Feature request /Discussion: JK loadbalancer improvements for high load

2007-07-04 Thread Yefym Dmukh
Hi all,
sorry for the stress but it seems that it is a time to come back to  the 
discussion related to the load balancing for JVM (Tomcat).

Prehistory:
Recently we made benchmark and smoke tests of our product at the sun high 
tech centre in Langen (Germany). 
 
As the webserver apache2.2.4 has been used, container -10xTomcat 5.5.25 
and as load balancer - JK connector 1.2.23 with busyness algorithm. 

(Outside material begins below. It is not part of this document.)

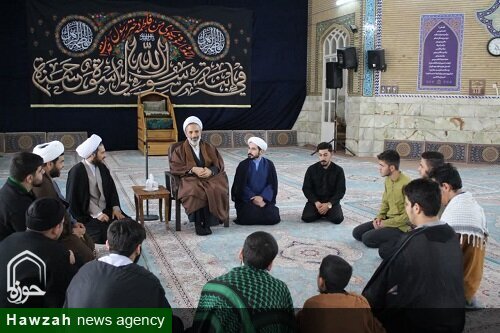 জ্ঞান অর্জনের মূল্য—যে কোনো পদমর্যাদা ও সামাজিক অবস্থানের ঊর্ধ্বে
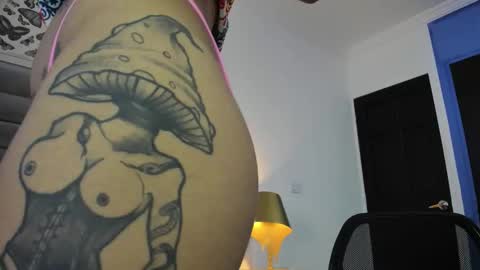 Snapshot of luankakozlov chatting on 03.04.26 LuankaKozlov online show from 03.04.26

Under the high load the strange behaviour was  observed: some 
tomcat workers temporary got the non-proportional load, often 10 times 
higher then the others for the relatively long periods.  As the result the 
response times that usually stay under 500ms went up to 20+ sec, that in 
its turn  made the overall test results almost two time worst as 
estimated. 

At the beginning we were quite confused, because we were 
sure that it was not the problem of JVM configuration and supposed that 
the reason is in LB logic of mod_jk, and the both suggestions were right. 

Actually the following was happening: the LB sends requests and gets the 
session sticky, continuously sending the upcoming requests to the same 
cluster node. At the certain period of time the JVM started the major 
garbage collection (full gc) and spent, mentioned above, 20 seconds. At 
the same time jk continued to send new requests and the sticky to node 
requests that led us to the situation where the one node broke the SLA on 
response times. 

I ^ve been searching the web for awhile to find the LoadBalancer 
implementation that takes an account the GC activity and reduces the load 
accordingly case JVM is close to the major collection, but nothing found.

Once again the LB of JVMs under the load is really an issue for production 
and with optimally distributed load you are able not only to lower the 
costs, but also able to prevent bad customer experience, not to mention 
broken SLAs. 

Feature request:

All lb algorithms have to be extended with the bidirectional 
connection with jvm:
 Jvm -> Lb: old gen size and the current occupancy
 Lb -> Jvm: prevent node overload and advice gc on dependent on 
parameterized free old gen space in %. 
 

All the ideas and comments are appreciated.

Regards,
Yefym.

Re: Feature request /Discussion: JK loadbalancer improvements for high load

2007-07-05 Thread Yefym Dmukh
Hi Rainer,
seems we have still an issue in jvm config. we have not noticed the 
concurrent mode gc failures that led to tomcat overload and bad responses.

14896.148: [Full GC 14896.148: [CMS (concurrent mode failure): 
1102956K->326641K(2359296K), 4.0684463 secs] 1280549K->326641K(3067136K), 
[CMS Perm : 131071K->62120K(131072K)], 4.0690589 secs]

15346.161: [Full GC 15346.161: [CMS (concurrent mode failure): 
1546160K->324956K(2359296K), 3.4321099 secs] 1637284K->324956K(3067136K), 
[CMS Perm : 131071K->6K(131072K)], 3.4327402 secs]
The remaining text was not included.